**Input:**
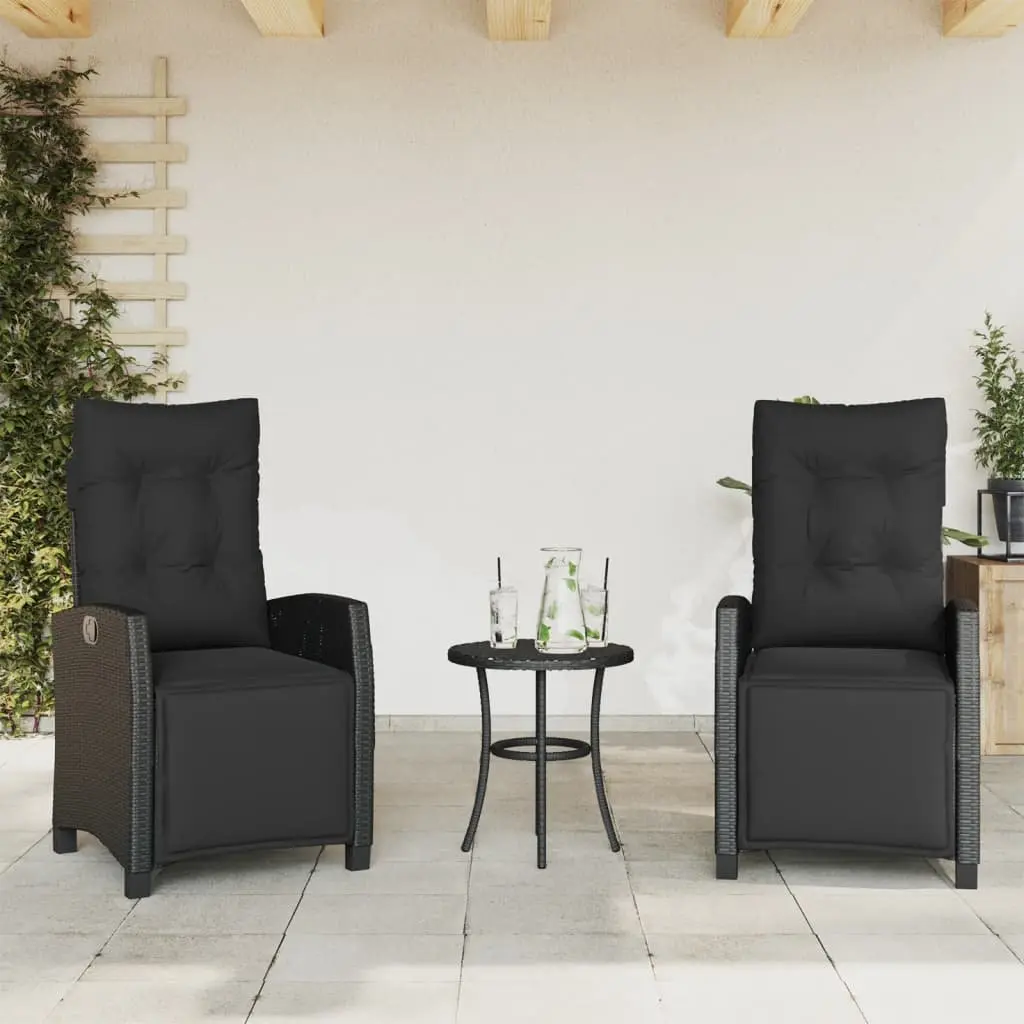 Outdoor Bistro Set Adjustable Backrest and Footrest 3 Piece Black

...

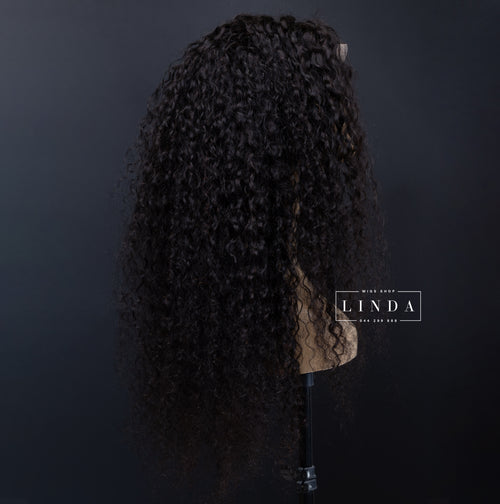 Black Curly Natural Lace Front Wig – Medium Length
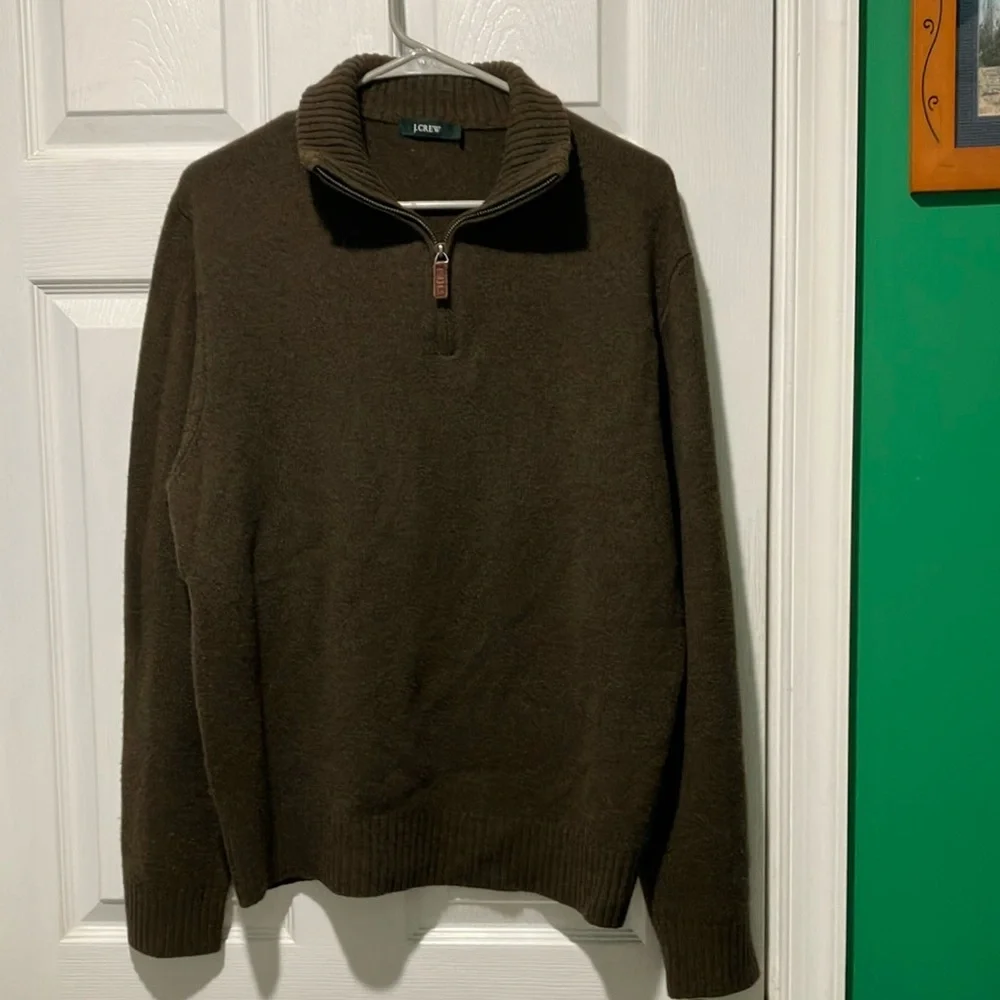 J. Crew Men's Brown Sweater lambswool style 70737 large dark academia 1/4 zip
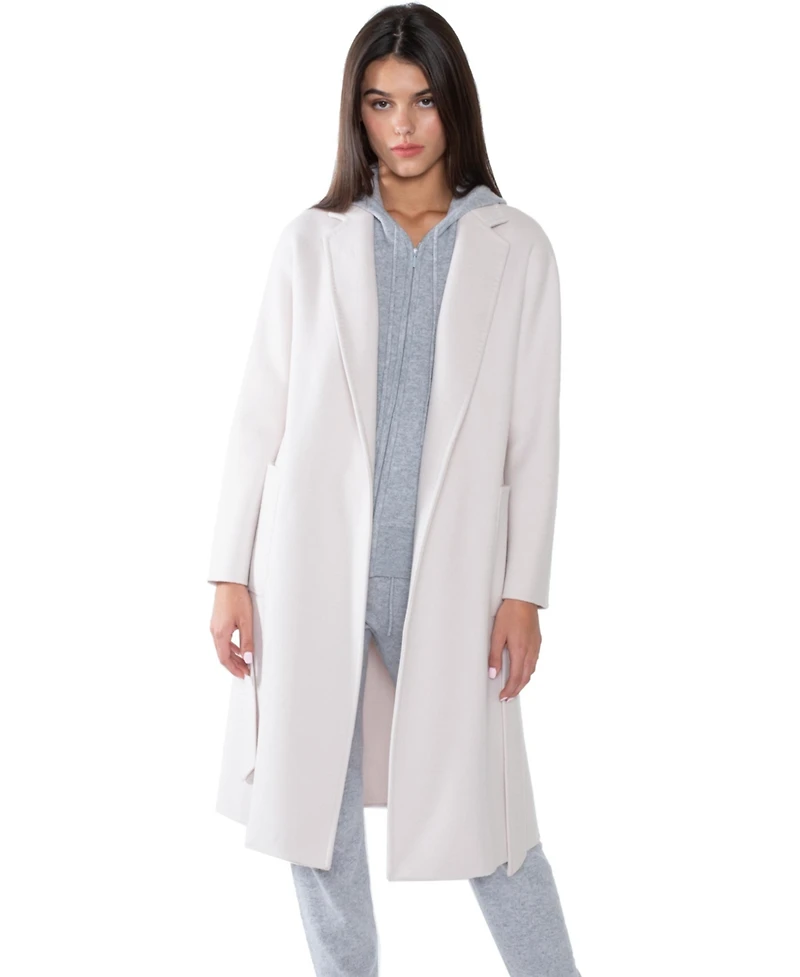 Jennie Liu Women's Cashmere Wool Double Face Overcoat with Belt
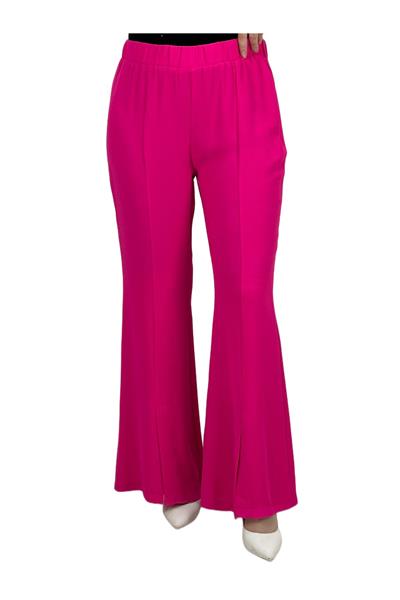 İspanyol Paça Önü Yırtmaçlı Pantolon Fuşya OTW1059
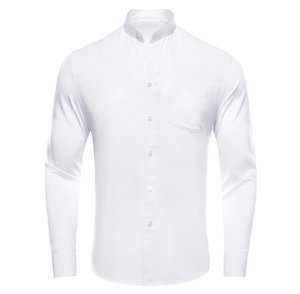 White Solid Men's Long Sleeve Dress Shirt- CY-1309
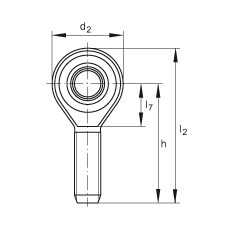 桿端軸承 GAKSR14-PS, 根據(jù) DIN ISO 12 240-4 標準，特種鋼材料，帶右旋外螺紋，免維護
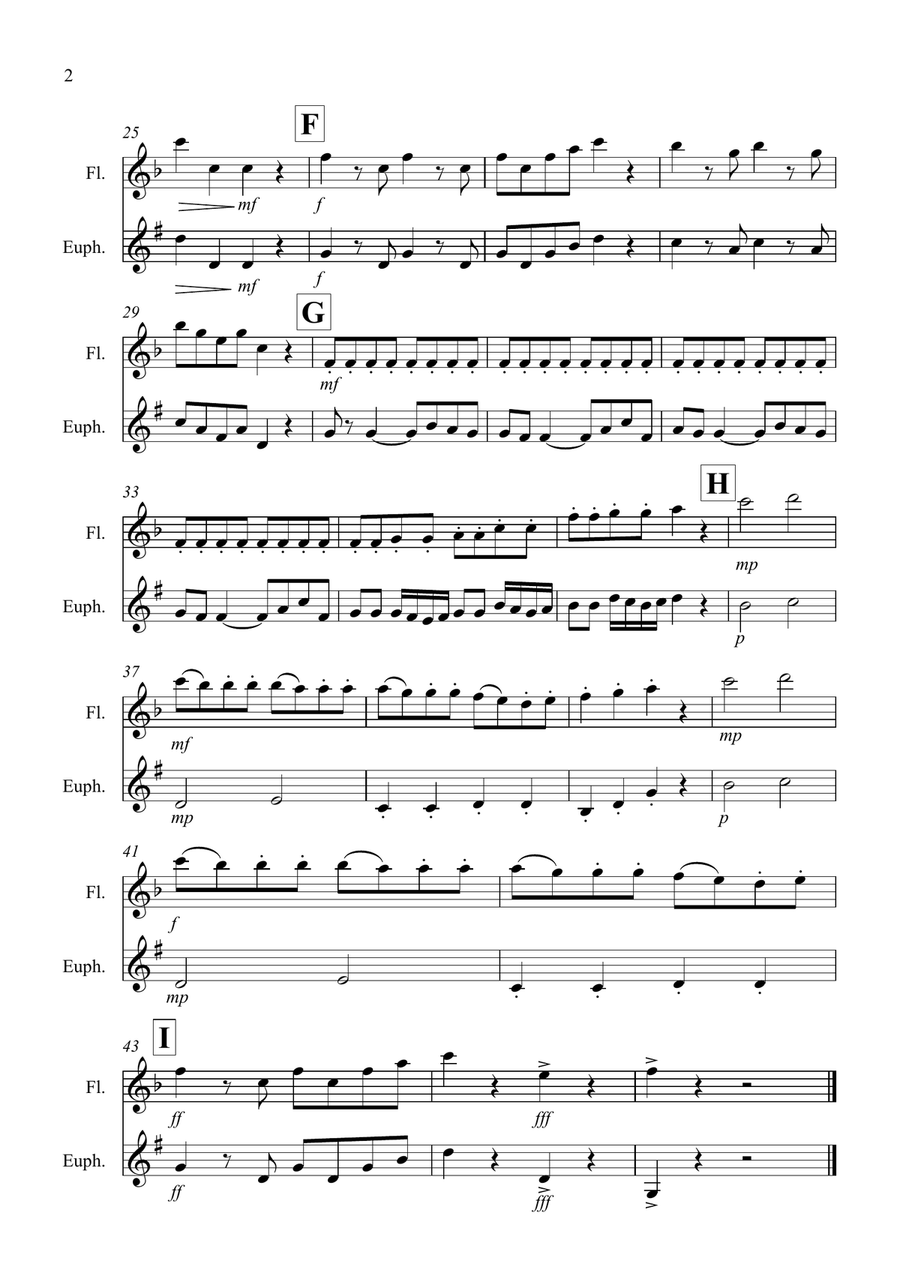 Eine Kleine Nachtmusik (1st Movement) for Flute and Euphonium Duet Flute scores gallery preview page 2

**Task description:** The line holding "Jennie Liu Women's" starts the copy and the line holding "Eine Kleine Nachtmusik" ends it. Repeat those two lines above and all between them exactly, leaving out pictures.

**Exercise result:**
 Jennie Liu Women's Cashmere Wool Double Face Overcoat with Belt
 İspanyol Paça Önü Yırtmaçlı Pantolon Fuşya OTW1059
 White Solid Men's Long Sleeve Dress Shirt- CY-1309
 桿端軸承 GAKSR14-PS, 根據(jù) DIN ISO 12 240-4 標準，特種鋼材料，帶右旋外螺紋，免維護
 Eine Kleine Nachtmusik (1st Movement) for Flute and Euphonium Duet Flute scores gallery preview page 2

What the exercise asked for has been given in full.